## [PROBLEM TO SOLVE]
Transcribe word for word each line from the one containing "TYC 620820 DODGE" to the final line of the data, both included. Skip the pictures.

[MATERIAL PROVIDED]

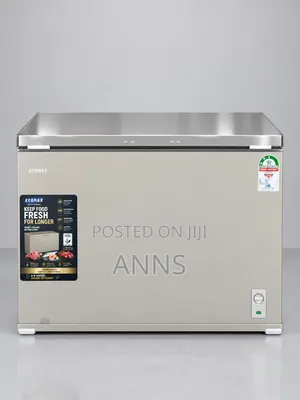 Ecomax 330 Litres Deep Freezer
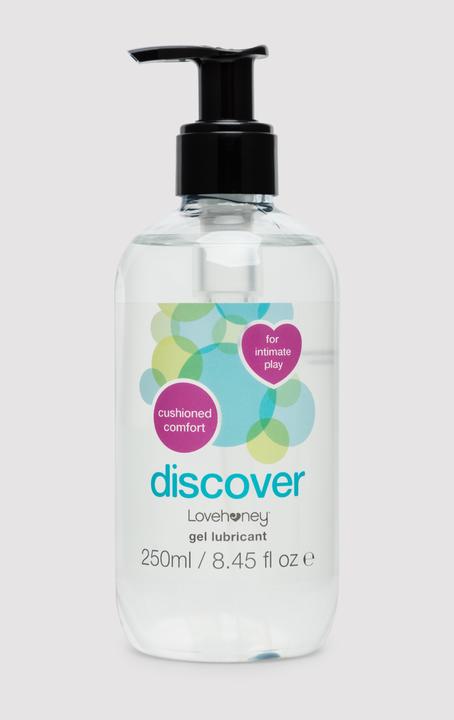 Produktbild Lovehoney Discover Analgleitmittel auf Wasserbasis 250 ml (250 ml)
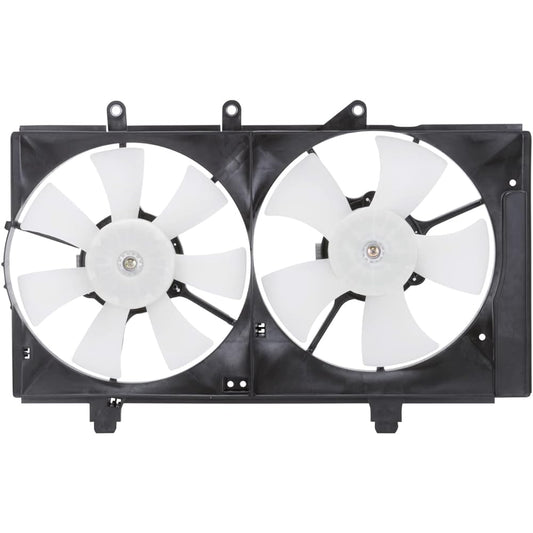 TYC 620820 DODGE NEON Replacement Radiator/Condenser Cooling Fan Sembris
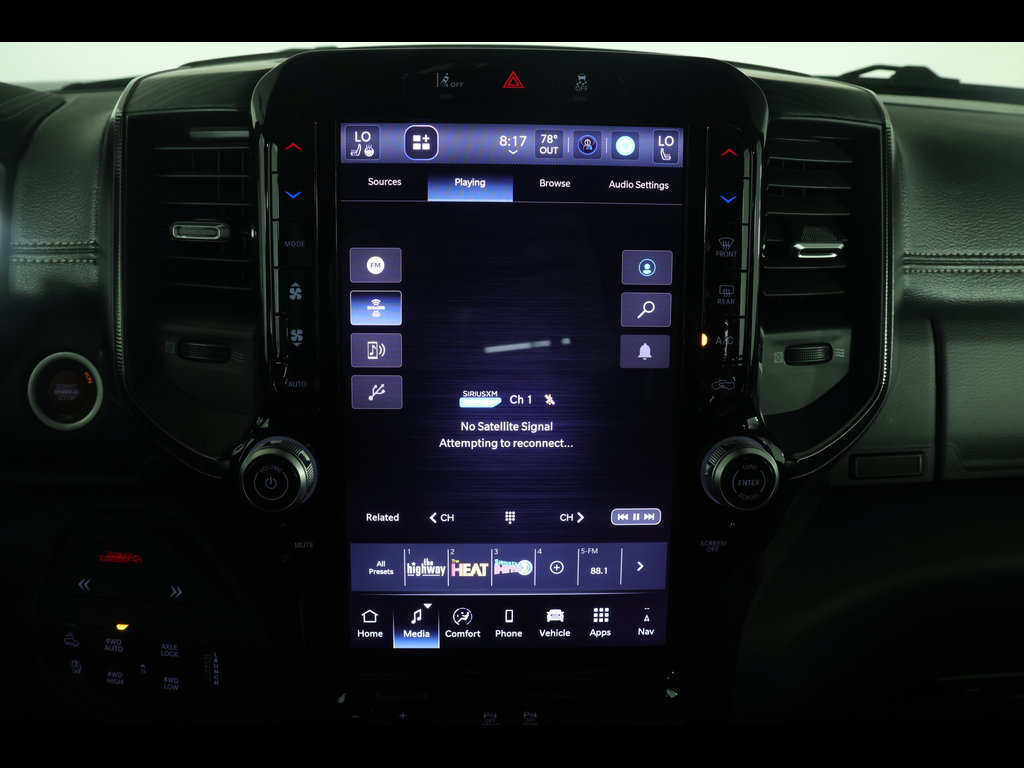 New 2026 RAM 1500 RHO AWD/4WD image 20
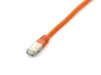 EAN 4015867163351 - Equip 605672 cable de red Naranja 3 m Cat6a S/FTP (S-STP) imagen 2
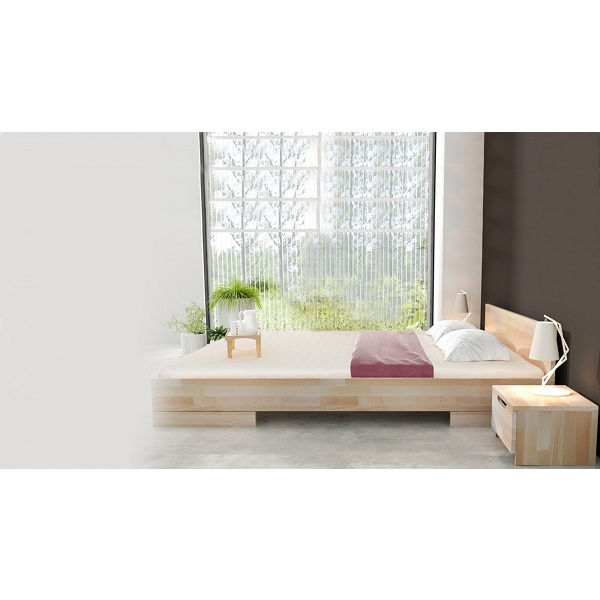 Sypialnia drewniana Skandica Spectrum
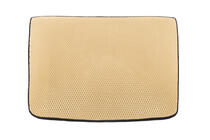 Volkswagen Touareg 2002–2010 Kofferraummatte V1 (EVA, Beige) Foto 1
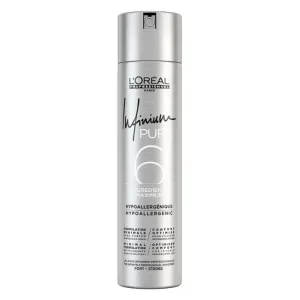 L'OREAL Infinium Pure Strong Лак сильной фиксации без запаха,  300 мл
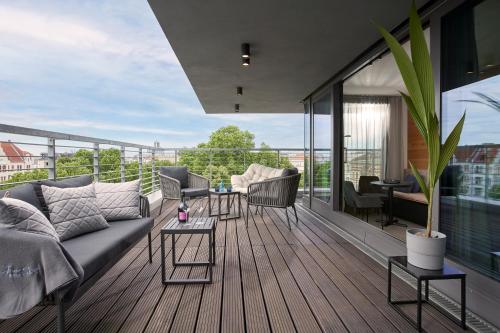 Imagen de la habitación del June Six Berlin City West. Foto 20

[/MATERIAL PROVIDED]

## [ANSWER TO THE EXERCISE]
 TYC 620820 DODGE NEON Replacement Radiator/Condenser Cooling Fan Sembris
 New 2026 RAM 1500 RHO AWD/4WD image 20
 EAN 4015867163351 - Equip 605672 cable de red Naranja 3 m Cat6a S/FTP (S-STP) imagen 2
 Sypialnia drewniana Skandica Spectrum
 Volkswagen Touareg 2002–2010 Kofferraummatte V1 (EVA, Beige) Foto 1
 L'OREAL Infinium Pure Strong Лак сильной фиксации без запаха,  300 мл
 Imagen de la habitación del June Six Berlin City West. Foto 20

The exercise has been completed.